**Problem**
Transcribe the lines below verbatim, skipping the images.

**Data section**

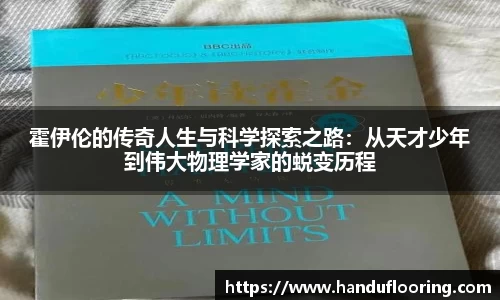 霍伊伦的传奇人生与科学探索之路：从天才少年到伟大物理学家的蜕变历程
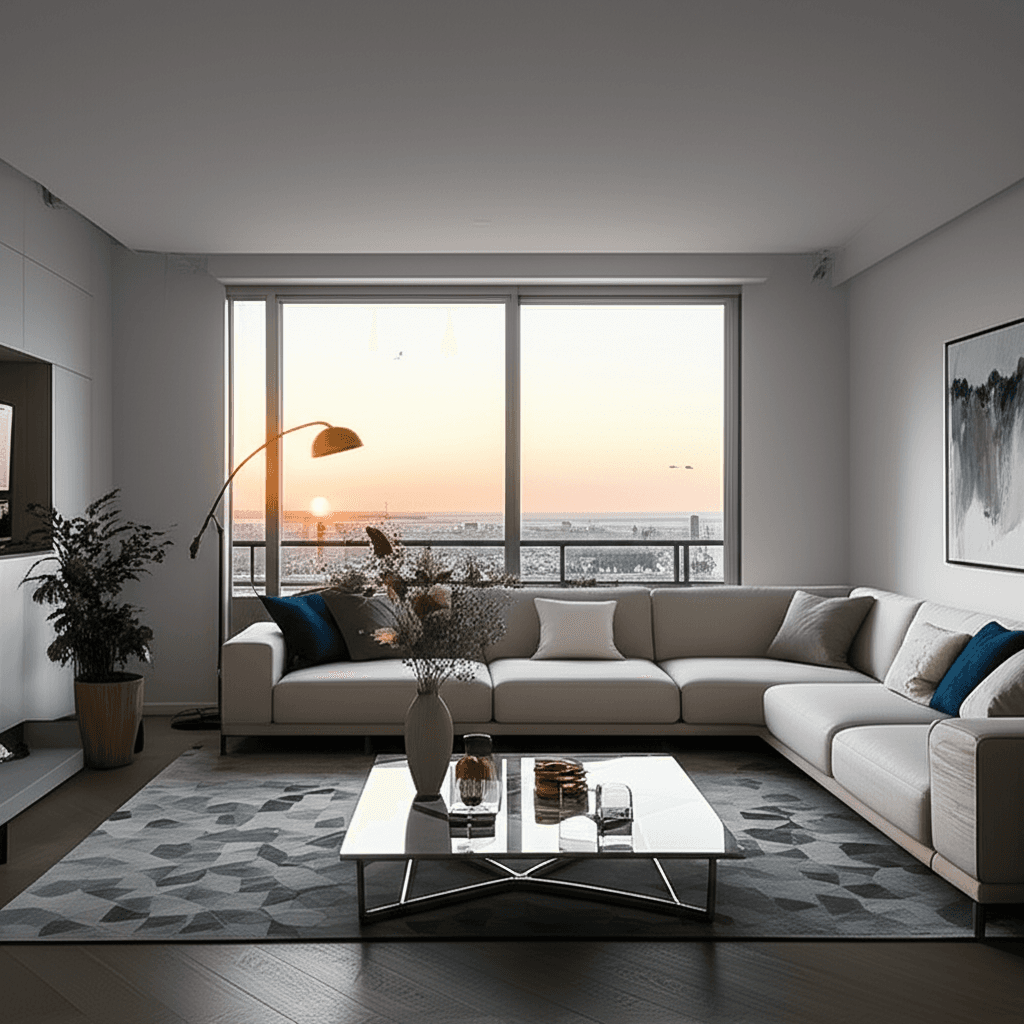 Diseño de Interiores principal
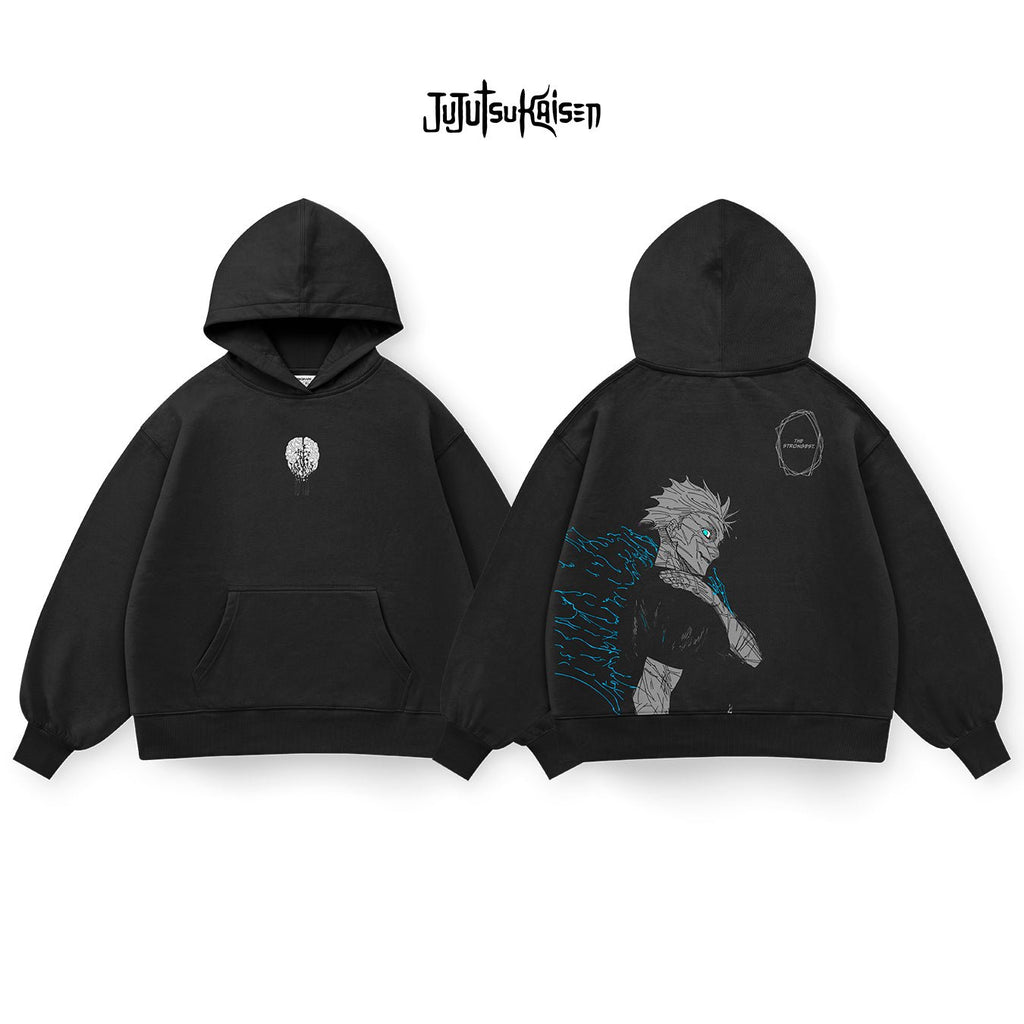 Satoru Gojo - JJK025 - Dwear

**Exercise solution**
 霍伊伦的传奇人生与科学探索之路：从天才少年到伟大物理学家的蜕变历程
 Diseño de Interiores principal
 Satoru Gojo - JJK025 - Dwear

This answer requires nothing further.